『こちら空港警察』


成田空港でGS(グランドスタッフ=空港業務スタッフ)として働く咲良は人気の芸人の帰国を知り、芸能人を間近で見れることにワクワクする。

しかし、ゲートに現れた人気芸人・瀬戸は、空港警察に先月から着任したばかりの仁志村賢作に身柄を確保されてしまう。

何と瀬戸には麻薬密輸の容疑が掛かっているらしい。

しかし、瀬戸の身体には麻薬犬もTDS(検査機器)もX線も金属探知機も反応を示さなかった。

とんでもない濡れ衣だと瀬戸は激昂するが、仁志村は意外なモノに着目し、瀬戸を追い詰め始める。

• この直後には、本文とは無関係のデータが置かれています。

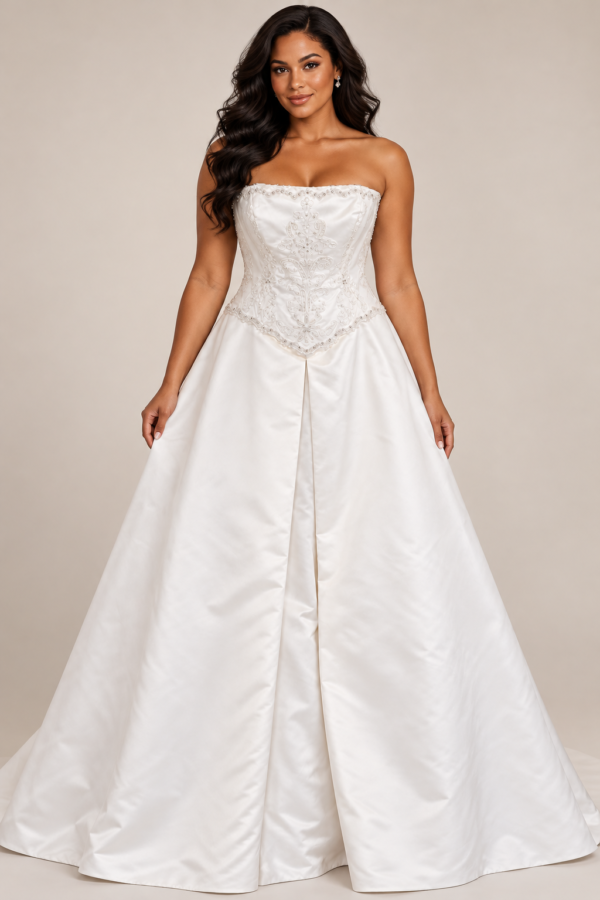 The “Ilissa” Gown by Demetrios: Regal Satin Elegance with a Detachable Train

「たかが警察署長がえらい鼻息だな。今に後悔するぞ。」
「後悔なら数知れないほどしている。」

キリッとした台詞に、何度も痺れました。


難しい四字熟語や慣用表現がよく使用されている七里さんの作品。

いつも読んでいて勉強になります。

そんなところも、すき。


会話劇に突入すると、途端に地の文が少なくなるのが、まあ時に物足りなくなることもあるのですが(逆にヒートアップしているときはそのテンポが心地良い)、でもさすが、題材そして構成といった作品の端々に、プロフェッショナルなエンターテインメント性を感じ、楽しませていただきました。


空港を舞台に、飛行機機内、地上カウンター、管制塔といった様々な場所で起こる事件の数々。

・・・面白く読んでいたところに起こった、羽田空港の事故。

どうしてこのタイミングなの。

本作は成田空港が舞台ではありますが、偶然のタイミングに、胃の痛む思い・・・でもがんばって読了。